Department of Thoracic Surgery, West China Hospital, Sichuan University, Chengdu, Sichuan, China.
Lung Cancer Center, West China Hospital, Sichuan University, Chengdu, Sichuan, China.
World J Surg Oncol. 2023 Jun 22;21(1):190. doi: 10.1186/s12957-023-03081-y.
Although several studies have confirmed the prognostic value of the consolidation to tumor ratio (CTR) in non-small cell lung cancer (NSCLC), there still remains controversial about it.
We systematically searched the PubMed, Embase, and Web of Science databases from inception to April, 2022 for eligible studies that reported the correlation between CTR and prognosis in NSCLC. Hazard ratios (HRs) with 95% confidence intervals (95% CIs) were extracted and pooled to assess the overall effects. Heterogeneity was estimated by I statistics. Subgroup analysis based on the cut-off value of CTR, country, source of HR and histology type was conducted to detect the sources of heterogeneity. Statistical analyses were performed using STATA version 12.0.
A total of 29 studies published between 2001 and 2022 with 10,347 patients were enrolled. The pooled results demonstrated that elevated CTR was associated with poorer overall survival (HR = 1.88, 95% CI 1.42-2.50, P < 0.01) and disease-free survival (DFS)/recurrence-free survival (RFS)/progression-free survival (PFS) (HR = 1.42, 95% CI 1.27-1.59, P < 0.01) in NSCLC. According to subgroup analysis by the cut-off value of CTR and histology type, both lung adenocarcinoma and NSCLC patients who had a higher CTR showed worse survival. Subgroup analysis stratified by country revealed that CTR was a prognostic factor for OS and DFS/RFS/PFS in Chinese, Japanese, and Turkish patients.
In NSCLC patients with high CTR, the prognosis was worse than that with low CTR, indicating that CTR may be a prognostic factor.

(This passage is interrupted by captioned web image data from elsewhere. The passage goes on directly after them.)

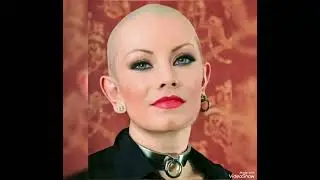 BuzzCut bald head shaved women 2026/Bald and bold women /Short haircuts/headshaved ideas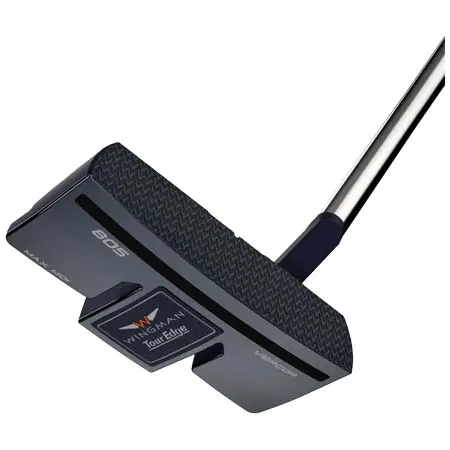 Tour Edge(ツアーエッジ) ゴルフ パター Exotics Wingman 805 Putter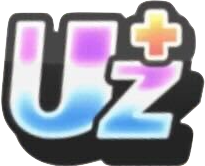 [UZ+ランクのアイコン
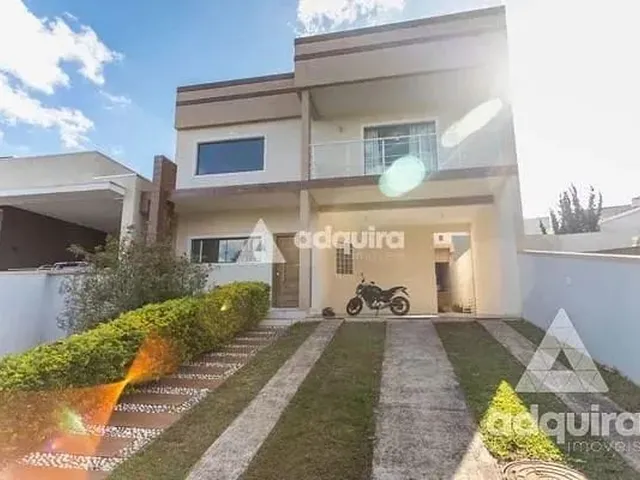 Imagem: Casa para Venda com 3 Quartos Sendo 1 Suite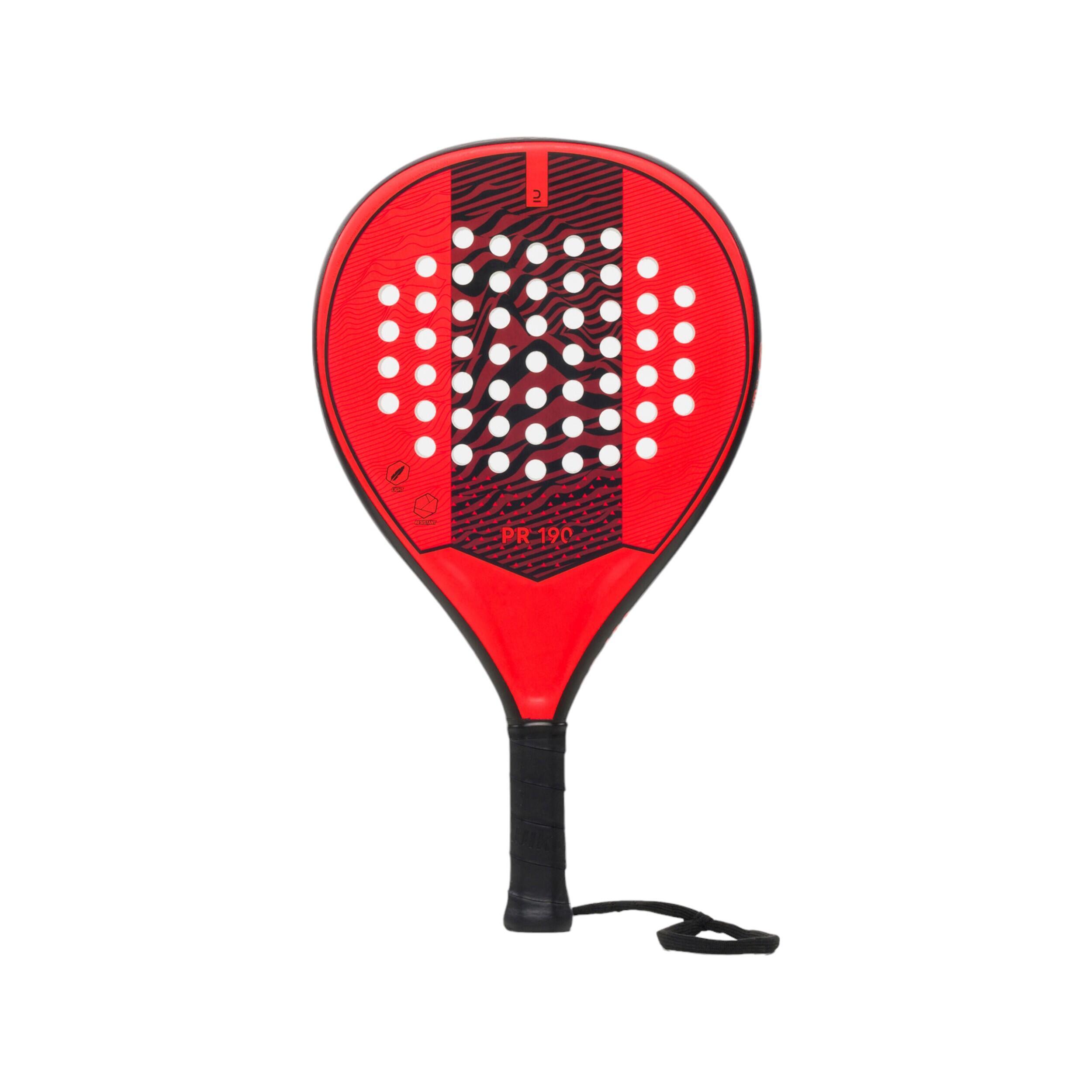 Padel Racket beginner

尽管有几项研究证实了非小细胞肺癌(NSCLC)中肿瘤与增强比值(CTR)的预后价值,但仍存在争议。
我们系统地检索了 PubMed、Embase 和 Web of Science 数据库,以获取截至 2022 年 4 月有关 CTR 与 NSCLC 预后相关性的合格研究。提取并汇总了危险比(HR)及其 95%置信区间(95%CI)以评估总体效应。采用 I 统计量评估异质性。根据 CTR 的截断值、国家、HR 来源和组织学类型进行亚组分析,以检测异质性来源。使用 STATA 版本 12.0 进行统计分析。
共纳入了 2001 年至 2022 年期间发表的 29 项研究,共纳入了 10347 例患者。汇总结果表明,升高的 CTR 与总生存期(HR=1.88,95%CI 1.42-2.50,P<0.01)和无病生存期(DFS)/无复发生存期(RFS)/无进展生存期(PFS)(HR=1.42,95%CI 1.27-1.59,P<0.01)更差相关。根据 CTR 截断值和组织学类型的亚组分析,CTR 较高的肺腺癌和 NSCLC 患者的生存情况更差。按国家进行的亚组分析显示,CTR 是中国、日本和土耳其患者 OS 和 DFS/RFS/PFS 的预后因素。
在 CTR 较高的 NSCLC 患者中,预后比 CTR 较低的患者差,这表明 CTR 可能是一个预后因素。